** Activity **
Copy all lines below exactly as written. Leave pictures out.

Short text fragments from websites
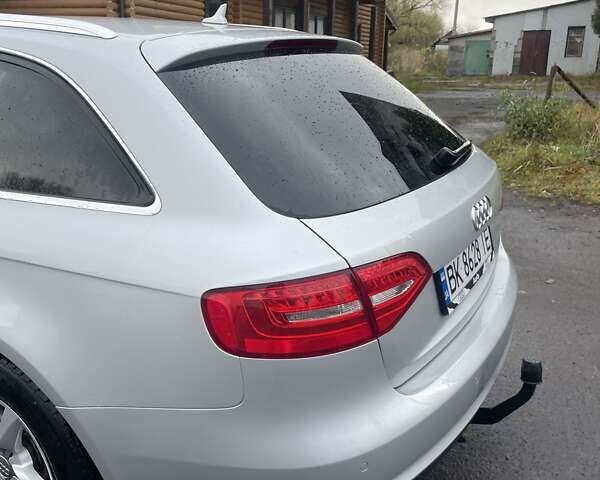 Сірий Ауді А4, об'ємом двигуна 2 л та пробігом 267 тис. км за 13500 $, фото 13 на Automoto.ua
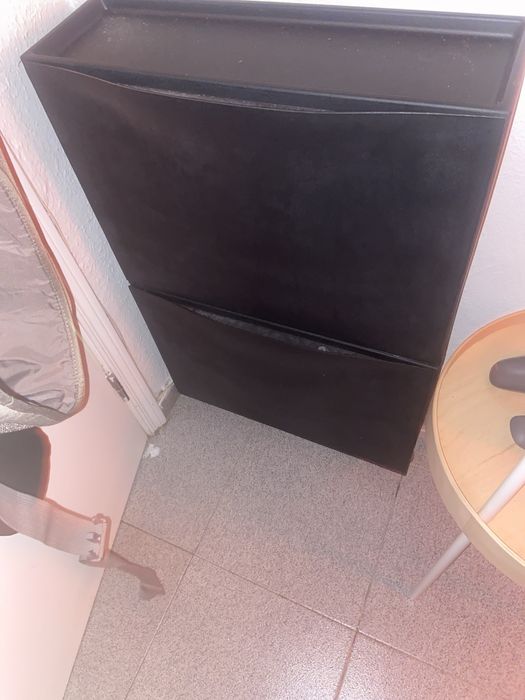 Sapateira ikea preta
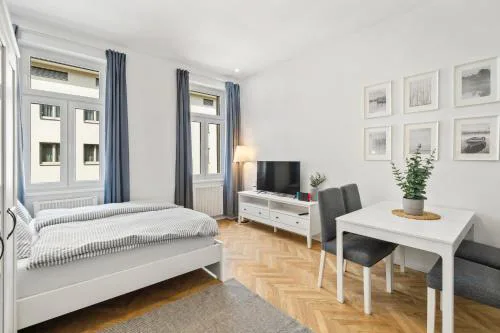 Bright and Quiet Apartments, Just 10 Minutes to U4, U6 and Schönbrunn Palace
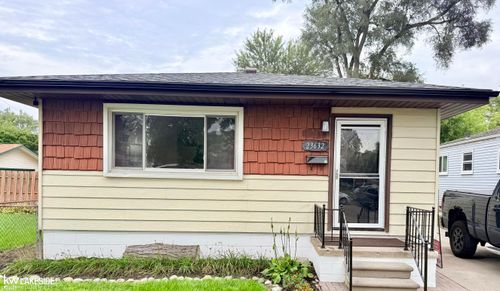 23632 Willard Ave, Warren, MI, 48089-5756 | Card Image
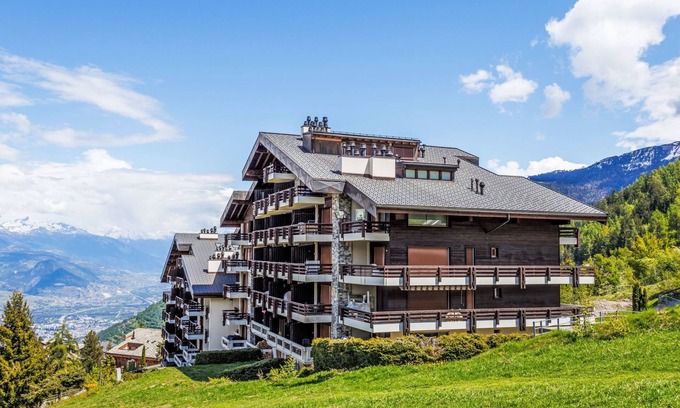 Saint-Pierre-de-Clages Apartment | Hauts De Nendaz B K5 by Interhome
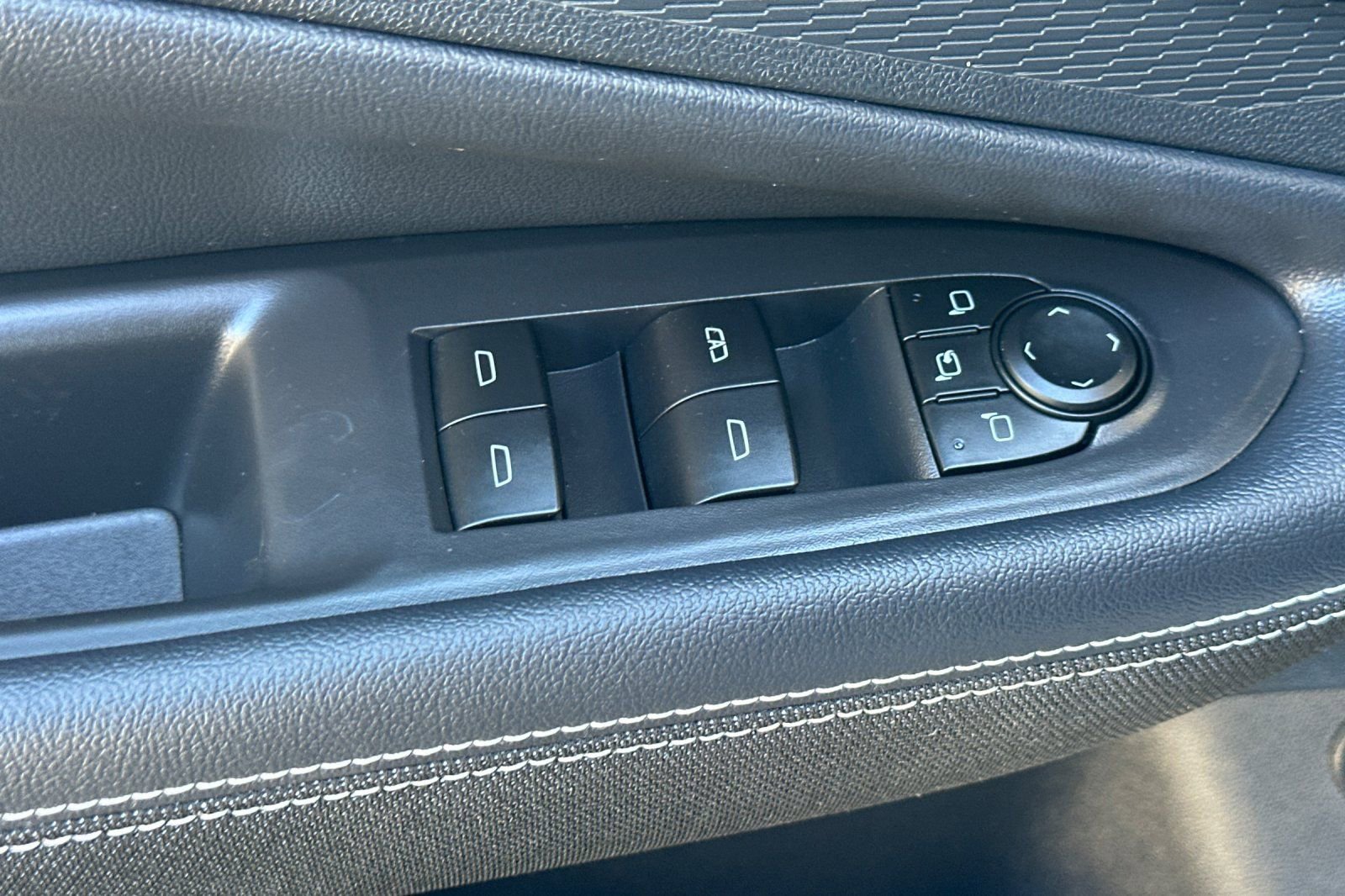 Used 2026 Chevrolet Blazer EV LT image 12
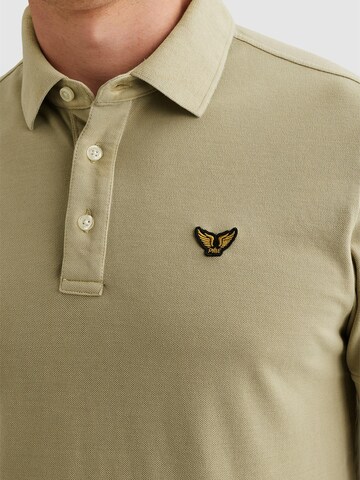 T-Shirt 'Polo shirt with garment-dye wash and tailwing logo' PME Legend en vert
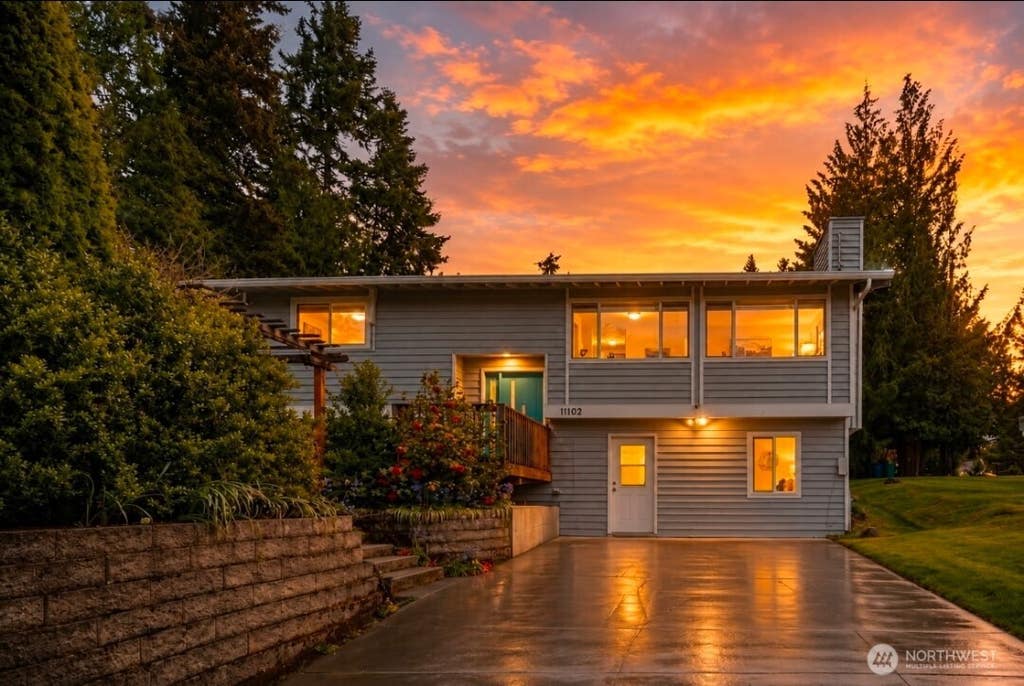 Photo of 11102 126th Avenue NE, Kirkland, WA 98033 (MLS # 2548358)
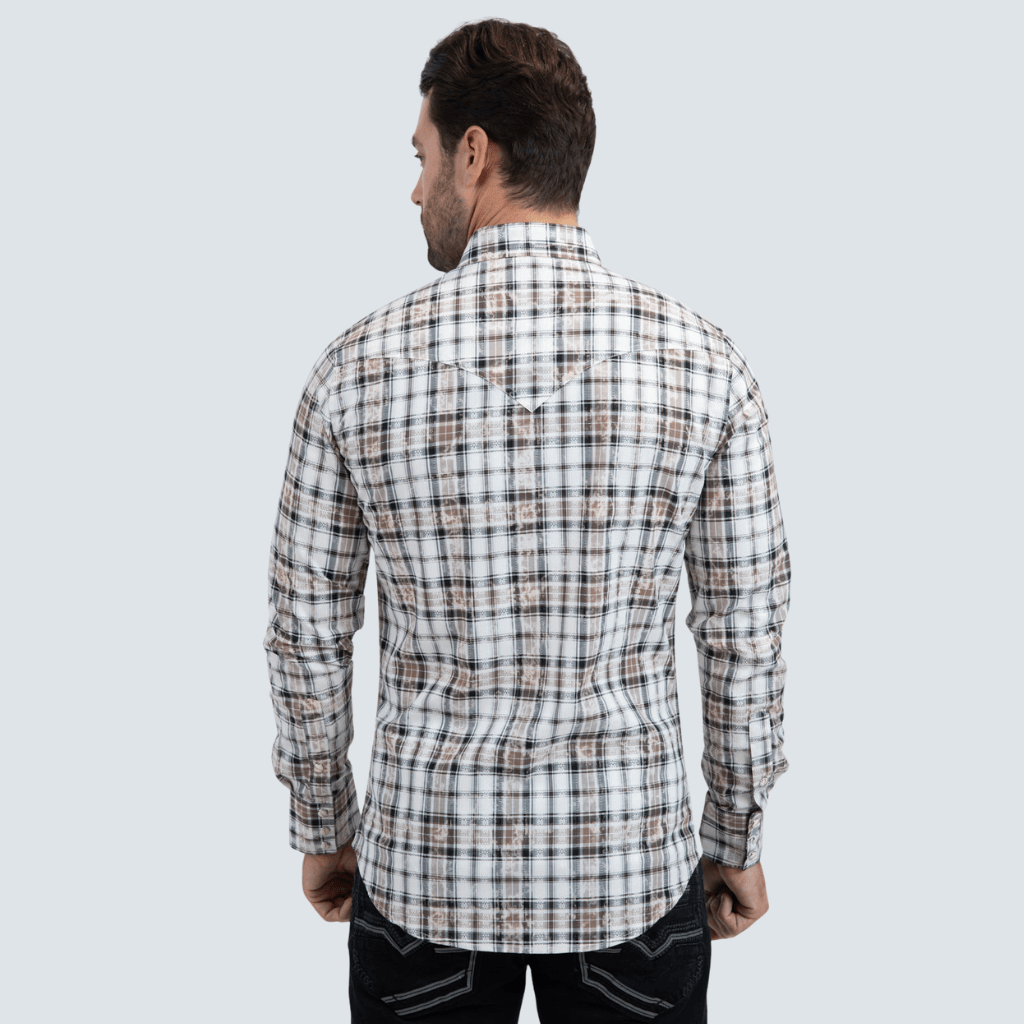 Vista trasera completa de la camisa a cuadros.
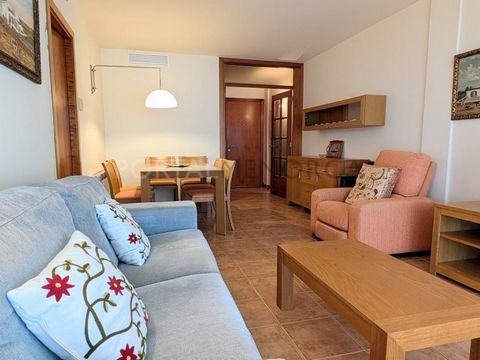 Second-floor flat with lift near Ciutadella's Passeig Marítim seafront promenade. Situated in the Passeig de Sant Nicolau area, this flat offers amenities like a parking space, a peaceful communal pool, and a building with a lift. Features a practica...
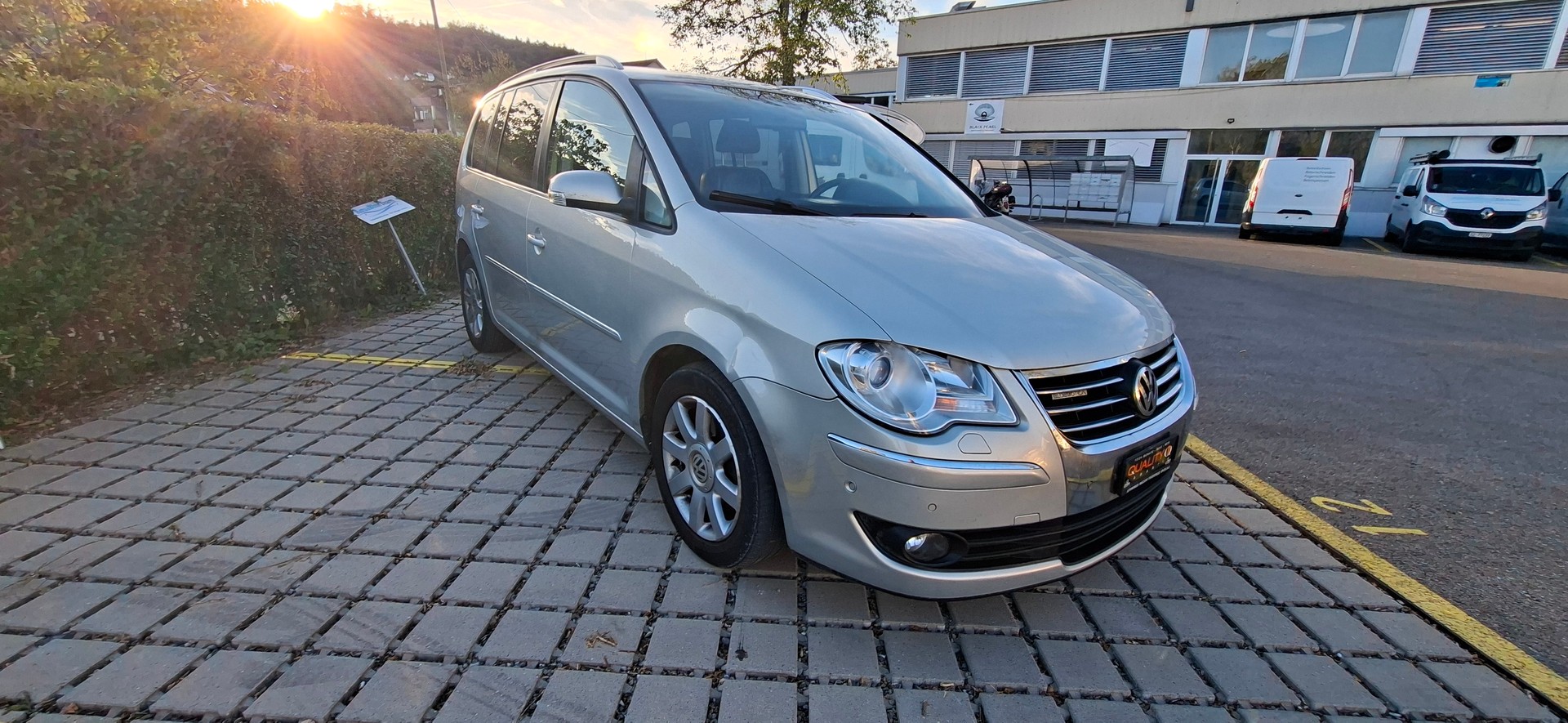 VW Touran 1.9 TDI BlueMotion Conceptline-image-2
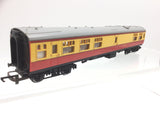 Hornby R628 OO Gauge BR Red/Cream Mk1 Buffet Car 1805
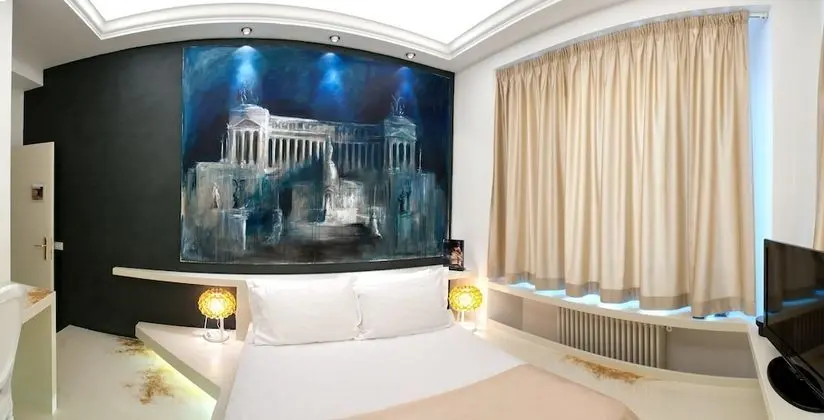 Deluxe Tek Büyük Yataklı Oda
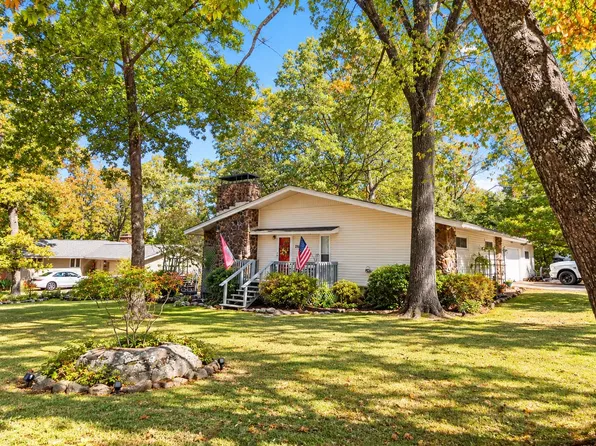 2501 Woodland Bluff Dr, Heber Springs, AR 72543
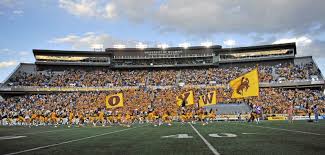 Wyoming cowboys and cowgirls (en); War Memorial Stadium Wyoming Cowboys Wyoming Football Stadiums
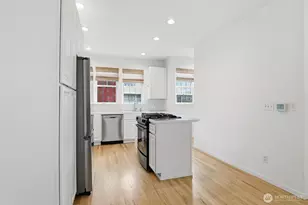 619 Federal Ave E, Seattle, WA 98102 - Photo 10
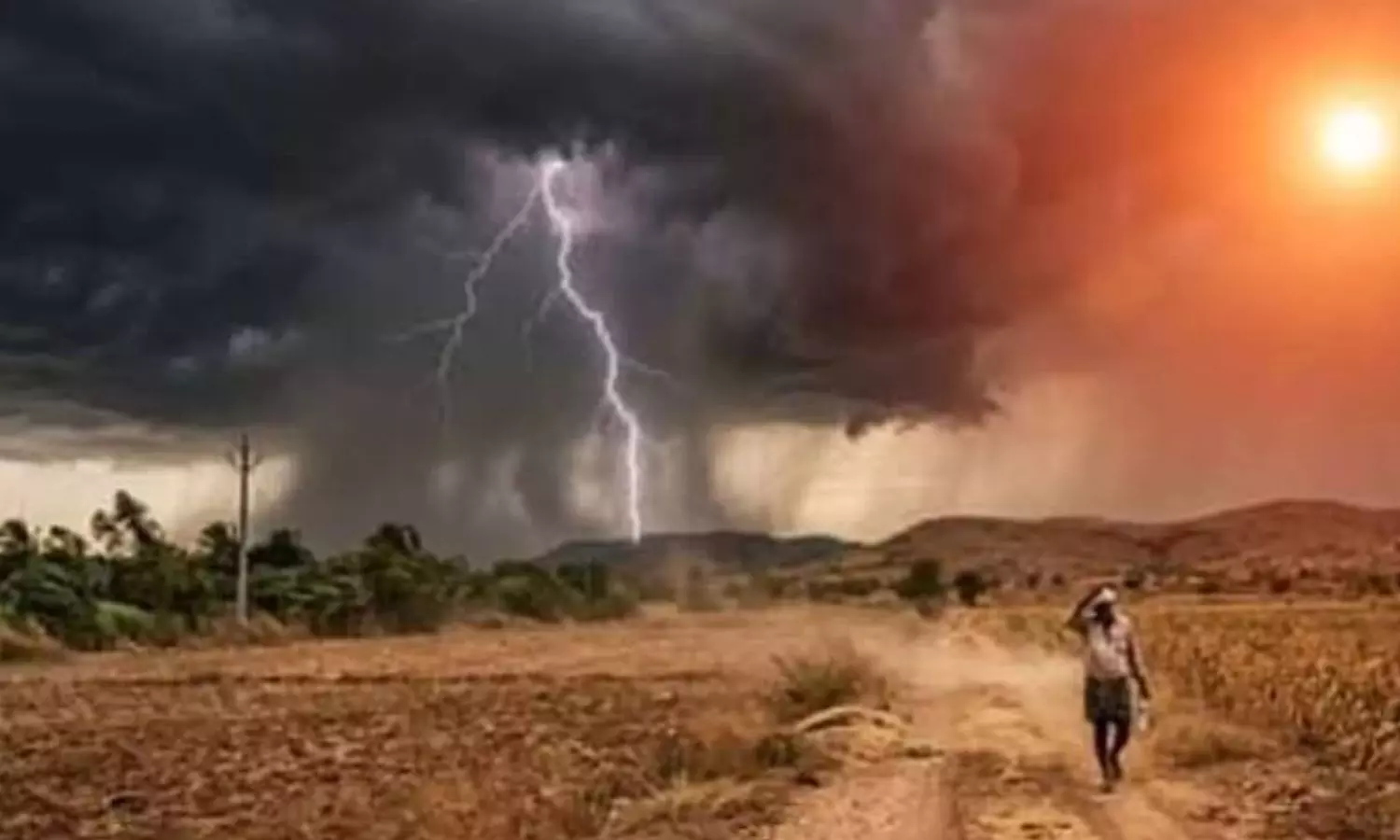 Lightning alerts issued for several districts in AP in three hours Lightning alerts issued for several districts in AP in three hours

** Exercise response **
 Сірий Ауді А4, об'ємом двигуна 2 л та пробігом 267 тис. км за 13500 $, фото 13 на Automoto.ua
 Sapateira ikea preta
 Bright and Quiet Apartments, Just 10 Minutes to U4, U6 and Schönbrunn Palace
 23632 Willard Ave, Warren, MI, 48089-5756 | Card Image
 Saint-Pierre-de-Clages Apartment | Hauts De Nendaz B K5 by Interhome
 Used 2026 Chevrolet Blazer EV LT image 12
 T-Shirt 'Polo shirt with garment-dye wash and tailwing logo' PME Legend en vert
 Photo of 11102 126th Avenue NE, Kirkland, WA 98033 (MLS # 2548358)
 Vista trasera completa de la camisa a cuadros.
 Second-floor flat with lift near Ciutadella's Passeig Marítim seafront promenade. Situated in the Passeig de Sant Nicolau area, this flat offers amenities like a parking space, a peaceful communal pool, and a building with a lift. Features a practica...
 VW Touran 1.9 TDI BlueMotion Conceptline-image-2
 Hornby R628 OO Gauge BR Red/Cream Mk1 Buffet Car 1805
 Deluxe Tek Büyük Yataklı Oda
 2501 Woodland Bluff Dr, Heber Springs, AR 72543
 Wyoming cowboys and cowgirls (en); War Memorial Stadium Wyoming Cowboys Wyoming Football Stadiums
 619 Federal Ave E, Seattle, WA 98102 - Photo 10
 Lightning alerts issued for several districts in AP in three hours Lightning alerts issued for several districts in AP in three hours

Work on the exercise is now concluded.